Ob ich dabei als Tänzer an der Zeremonie teilnehme, oder als Supporter, macht zwar in der Frage der Anstrengung einen großen Unterschied, die Übung, mein Ego und mein Handeln mit dem gemeinsamen Ziel in Verbindung zu bringen, stellt sich mir aber trotzdem. Küchendienst, Toiletten reinigen und andere Arbeiten im Camp sind ebenfalls Teil der Zeremonie – Work is prayer!
Diese Frage trage ich als Haltung und Suchbewegung nach dem Sonnentanz weiter. Wie ist mein Handeln ausgerichtet? Was bin ich bereit zu opfern, damit das Leben weitergeht und wo bin ich bereit dazu – in der Familie, im Job, im Ehrenamt? Um dies herauszufinden braucht es Beharrlichkeit, Geduld und Bereitschaft.
Schildkrötentempo
Nun ist es sowohl am Sonnentanz als auch in meinem Alltag so, dass mein Ego sich durchaus gerne als etwas Besonderes hervortut. Natürlich gibt es auch unter Tänzern und Supportern Männer (und Frauen) mit gewaltigem Ego und Darstellungsbedürfnis, für die eine solche Zeremonie eine große Bühne darstellt. Der Faktor, der mir dann hilft, die wichtigen Schritte und Wege zu erkennen und in der Ausrichtung zu bleiben, ist die Zeit. Vier Tage Sonnentanz lassen manch darstellerische und egozentrische Ambition in der Sonne zerschmelzen und können auf diese Weise sehr reinigend wirken.

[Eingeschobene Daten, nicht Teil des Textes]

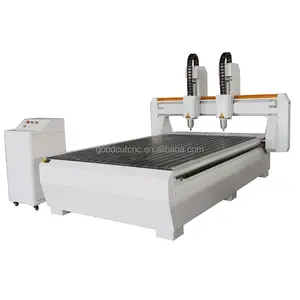 GoddCut CNC Machinery 4 * 8ft 1325 multi ferramenta fuso cnc router máquina de perfuração com duas cabeças para Kit de Cozinha Escultura Em Madeira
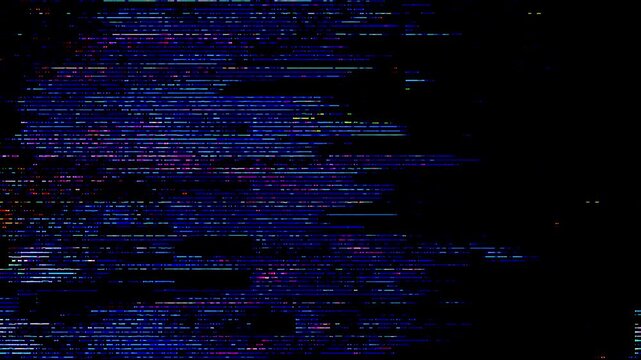 Glitch Datastream Lines &ndash; Futuristic Digital Noise Background in Blue Cyber Interference Effect. Perfect for technology design, cyber security concepts, modern digital error effects.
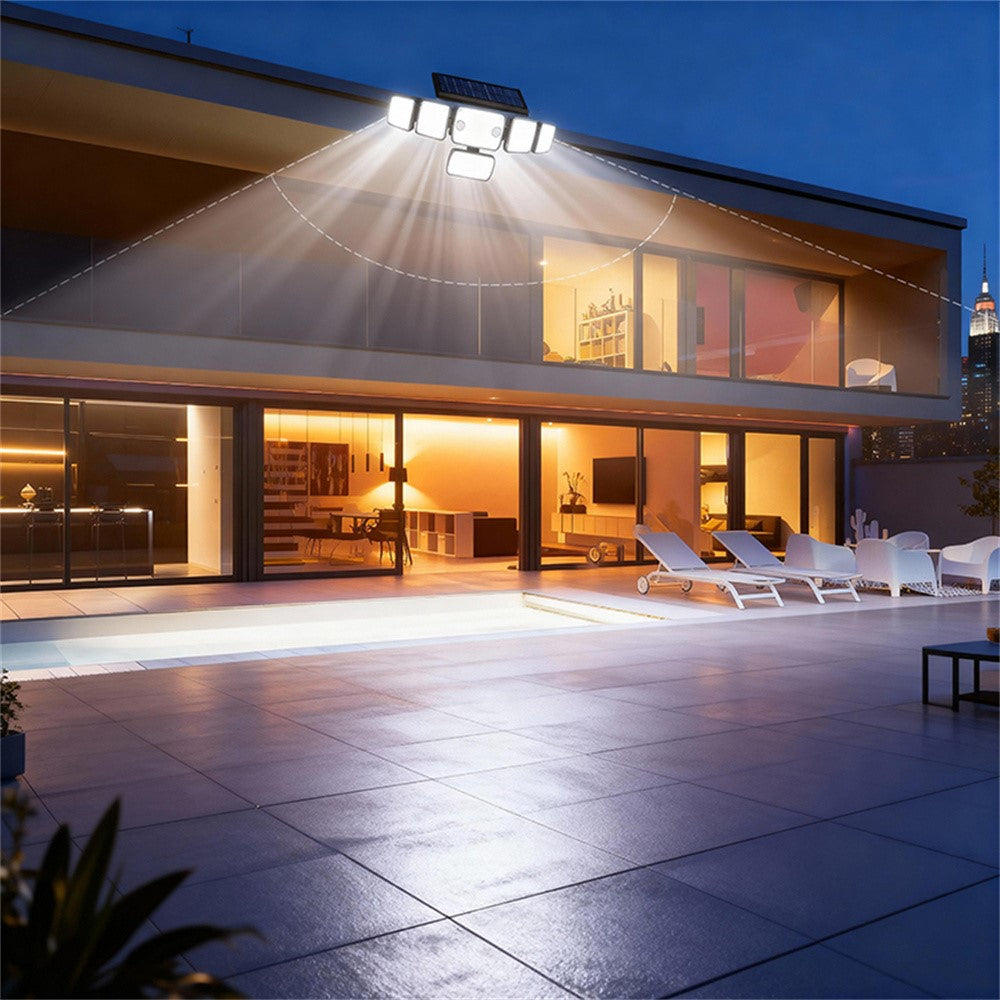 TG-TY18101 366-LED Solar Motion Sensor Wall Light 270° Wide Angle IP44 Waterproof Wall Lamp for Outdoor Garden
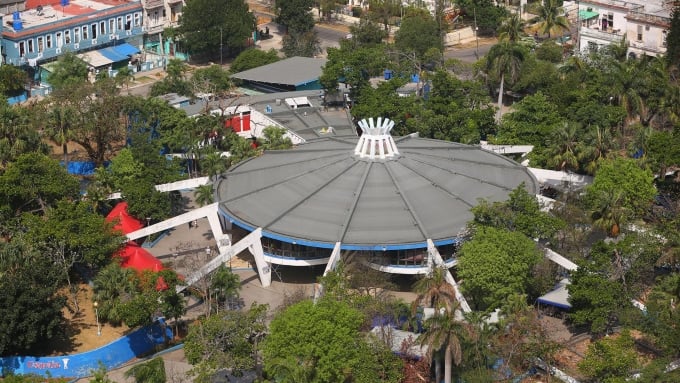 Magasin de glaces vu d'en haut. Photo : BBC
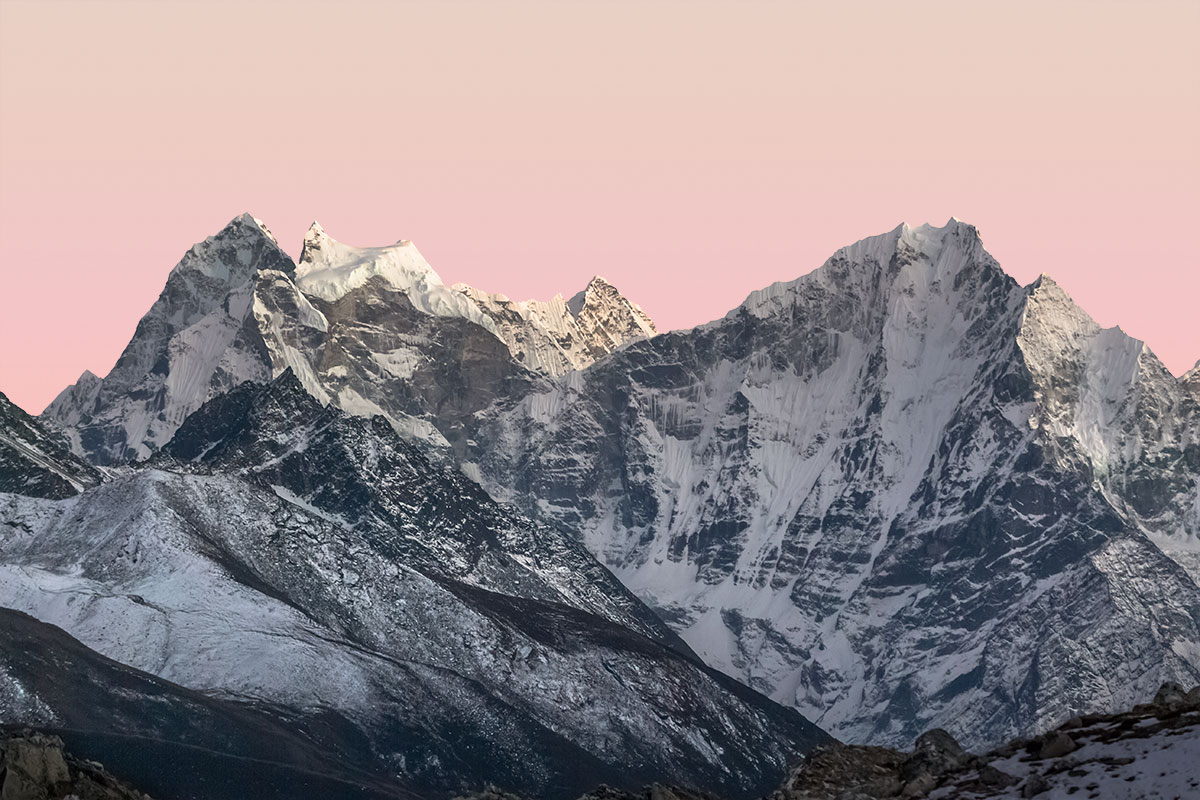 Alpine Glow, Nepal 2015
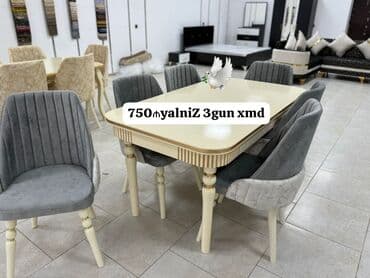 Qonaq otağı üçün, Yeni, Dördbucaq masa, 6 stul lalafo.az -da Qonaq otağı üçün, Yeni, Dördbucaq masa, 6 stul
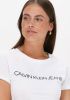 Calvin Klein T shirt CORE INSTITUTIONAL LOGO SLIM FIT TEE met logo opschrift online kopen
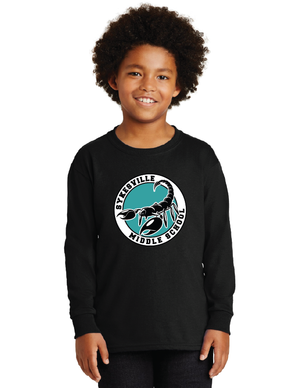 Sykesville Middle School 2023-24 Spirit Wear On-Demand-Unisex Long Sleeve Shirt Circle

In einem Teaching lud einer der leitenden Häuptlinge, Leonard Crow Dog Jr. genau dazu ein: aufmerksam dem Leben seine Zeit lassen. Nicht versuchen, die vermeintlichen Umwege und schwierigen Zeiten abzukürzen, sondern sie als wichtige Erfahrungen zulassen und in Ruhe ganz durchschreiten. Wie in einem mäandernden Fluss jede Biegung mitgehen. Dazu muss ich mich immer wieder meinen Ängsten stellen. Mit der Zeit aber finde ich meine Richtung und Ausgerichtetheit und gewinne eine größere Freiheit – vermutlich im Schildkrötentempo.
Die Schildkröte jedoch steht bei den Lakota in hoher Achtung als Hüterin des Lebens, der Langlebigkeit und Standhaftigkeit. Oder wie Leonard Crow Dog es ausdrückt: „Everything that’s good comes on the Back of a turtle.“
Eine Anmerkung zum Schluss: Das Titelbild zeigt einen Sonnentanz-Platz in Süddakota. Da die Zeremonie selbst nicht fotografiert oder abgebildet werden darf, setzt der Rest des Artikels ganz auf die Vorstellungskraft des Lesenden.